Today, the day before your twelfth birthday, I was shopping at the grocery store for a few odds and ends, and I suddenly heard the screams of an unhappy toddler. I spotted his young mom; she was deploying all the old tricks to get her son to calm down. Nothing was working, even scooping him up and cuddling him close against her, all while she pushed the cart further past the cereals and canned goods. As she got closer to where I stood, considering chocolate chip options, we made eye contact. She grimaced and said, “I just can’t win.”
In that moment, seeing this young mom with her first child, barely hanging on during an interminable-though-as-fast-as-she-could-accomplish-it grocery trip, I felt transported back to when you were that tiny. And although it’s a cliche, I felt like it was just last week….
I remember shopping in Pathmark in Newark, pushing a cart full of food and just praying that you’d hold it together until I could check out and get you home. There were more than a few times that I wrapped up shopping while you squawked and screeched and screamed your way through the aisles.
The last few days leading up to your twelfth birthday I saw babies everywhere. At cafes, in parks, at the grocery store, in prams and carriers and held, in carseats and bouncy seats and bike seats. I spotted nursing babies and crying babies, toddling babies and grinning babies, babies in various states of meltdown and curiosity and delightfulness.

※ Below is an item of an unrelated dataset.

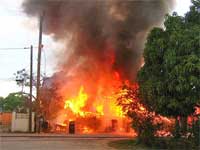 GtB Life threatening fire in Belize City 2004: How to alarm the Fire department?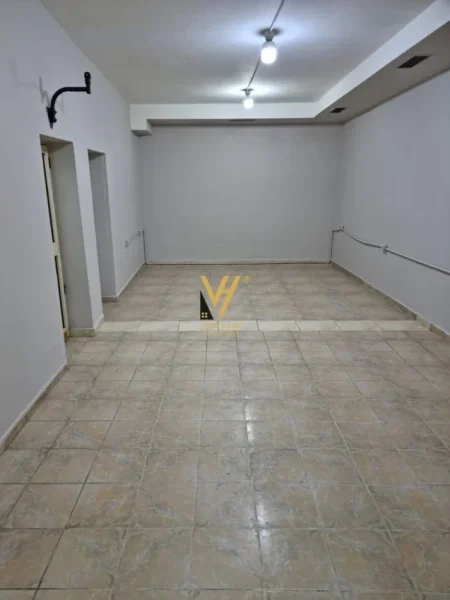 Tirane, shitet magazine Kati 0, 300 m² 360.000 € (SELITE)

When I see these random babies who I’ll probably never see again, I see you. I see your beautiful eyes as they are now, smaller but just as expressive, but in your baby face. I see your dark brown fuzzy hair, long before it was thick and long enough to give us both headaches. These babies are snapshots of the shortest, fastest (and slowest) days of my life, when nursing, changing diapers, kissing toes, doing endless laundry, singing silly songs, soothing midnight crying jags, and feeling amazing love for another tiny person filled my whole existence.
Never have I felt prouder than I do at who you are, who you’re becoming. Your sincerity as a child has blossomed into a deep, abiding integrity. Your concern for others enriches our family and your friendships. And while I sometimes still wish you’d fall in line and go along with things more easily, your intelligent, creative approach to life is serving you well and I trust will continue to do so as you grow up even more.
Charlotte and Calvin both look up to you, and in the past year in New Zealand, you’ve totally stepped up and become a mature help to your dad and I. Not everyone may “get” your personality, but the people–teachers, friends, neighbors, family–who do “get” you adore you.
I admire so many things about you and feel incredibly thankful that you joined our family in 2004; it is truly a gift to get to walk alongside you as you continue to grow and learn and inhabit the world. Happy 12th birthday, my compassionate, vegetarian, tall, brilliant, socially-conscious, funny, and slightly irreverent Evelyn.